**PROBLEM TO SOLVE**. After locating the line with "Lattafa Qaed Al Fursan EDP 90ml" in the entries below, set down exactly that line and each one after it to the end, skipping pictures.

• • • • • • •

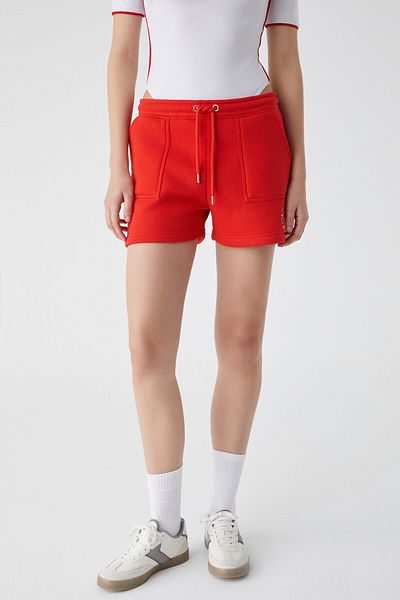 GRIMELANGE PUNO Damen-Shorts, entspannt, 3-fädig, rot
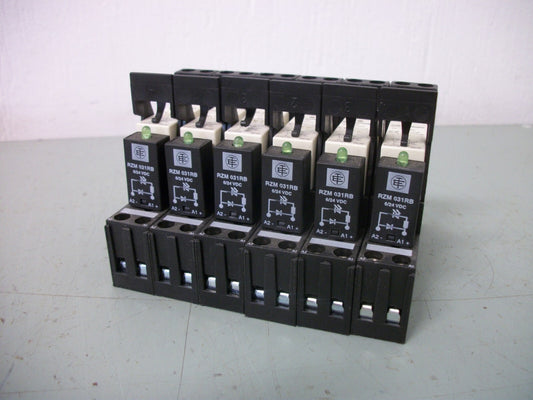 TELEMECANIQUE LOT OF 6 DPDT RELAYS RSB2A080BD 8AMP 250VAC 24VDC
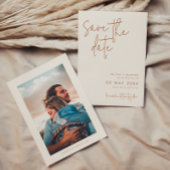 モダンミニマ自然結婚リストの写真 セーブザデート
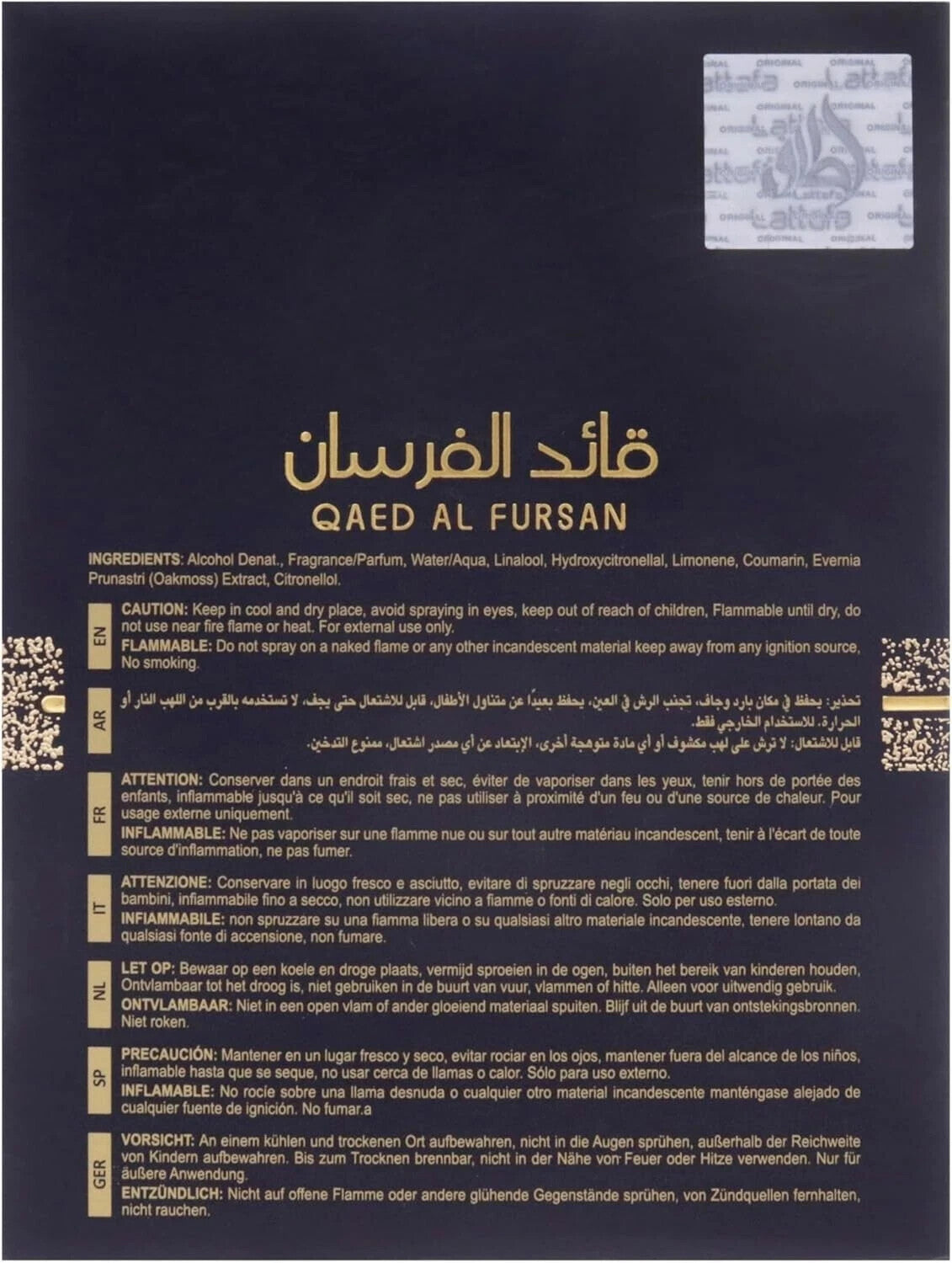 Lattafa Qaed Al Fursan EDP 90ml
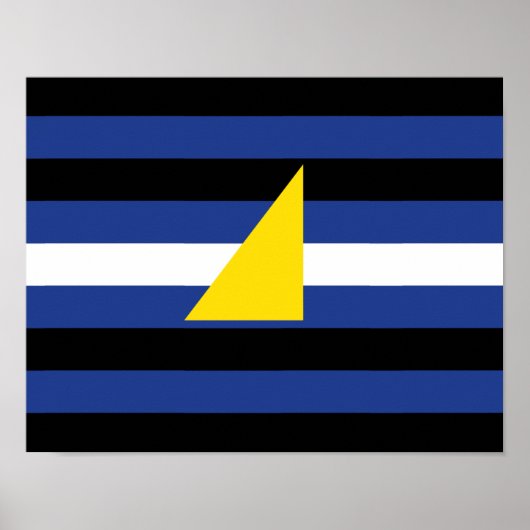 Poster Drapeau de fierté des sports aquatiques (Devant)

• • • • • • •

**ANSWER SECTION**.
 Lattafa Qaed Al Fursan EDP 90ml
 Poster Drapeau de fierté des sports aquatiques (Devant)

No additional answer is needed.